El jefe de estación daba salida a los trenes llorando a hilo y en cuanto el convoy desaparecía sobre los raíles, ponían crespones negros en las banderas de los centros oficiales. Los viajeros comenzaron a escasear.

A la compañía le faltó el canto de un duro para la bancarrota. Acudieron a los conocimientos técnicos de un ingeniero inglés, otro alemán y otro español que aconsejaron comprar nuevo material, lo que resultaba absurdo, se trataba de ganar dinero, no de hacer más gasto. Entonces la compañía nombró presidente del Consejo de Administración a un Ex-Ministro con un sueldo anual multimillonario. Se enfrascó el ex ministro en un profundo estudio de la problemática financiera de la compañía durante diez minutos y llegó a una conclusión muy acertada. La C.I.F necesitaba una subvención del Estado que el prohombre consiguió en media hora.
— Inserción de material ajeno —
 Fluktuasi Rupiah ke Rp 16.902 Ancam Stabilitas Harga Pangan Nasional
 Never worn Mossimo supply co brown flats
Desde entonces la compañía repartió dividendos todos los años, dejando a la altura del betún a los ingenieros ingleses, alemanes y españoles.
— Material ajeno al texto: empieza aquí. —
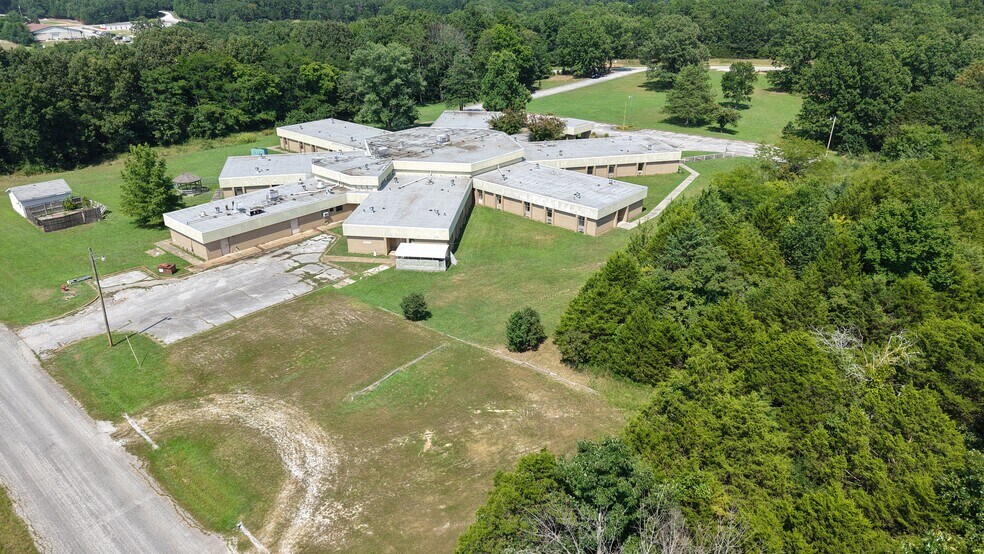 More Photos Of 10A Highway 289, Horseshoe Bend Skilled Nursing Facility For Sale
El carbón del monte Furado siguió alimentando las locomotoras de la compañía y Gumersindo Freijido continuó aumentando su fortuna. Cierto día llegó a una estación el tren y nadie bajó de los vagones. Los médicos de la ciudad acudieron presurosos y comprobaron que todos los viajeros estaban anestesiados a causa del humo locomotriz. Los efectos de aquel humo eran inimaginables. A veces, muchos viajeros se bajaban en estaciones en las que nunca habían estado ni nada tenían que hacer, portando maletas que no eran las suyas. Incluso se dio el caso de un viajero que subió en Aranjuez de paisano y bajó en Bailén vestido de Napoleón dispuesto a fusilar al general Dupont por haber perdido la batalla.
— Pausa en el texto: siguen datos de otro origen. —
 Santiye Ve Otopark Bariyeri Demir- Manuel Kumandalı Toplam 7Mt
Otras veces, las locomotoras se detenían de repente en medio del campo suspirando y, entonces, el fogonero recorría el camino a lo largo del tren gritando:

-- ¿Algo para quemar, por favor, algo para quemar?

Y por las ventanillas salían disparados cestos, revistas, jipi japas, percheros, bastones, maderas de asientos de tercera y fundas y cojines de los de primera. Si duraba muchos días la detención del tren, entre los desventurados viajeros se organizaban orfeones, juegos de cartas, se concertaban matrimonios y un sin fin de extravagancias propias de gentes ociosas.

Lina, de pronto, preguntó apretándome suavemente:

-- ¿No puedes tener quieta la mano? Me distraes.

-- Vale, pues vamos a distraernos un poco.

Y no distrajimos otra media hora.

No pude acabar de contarle toda la historia porque nos dormimos. Otro día será.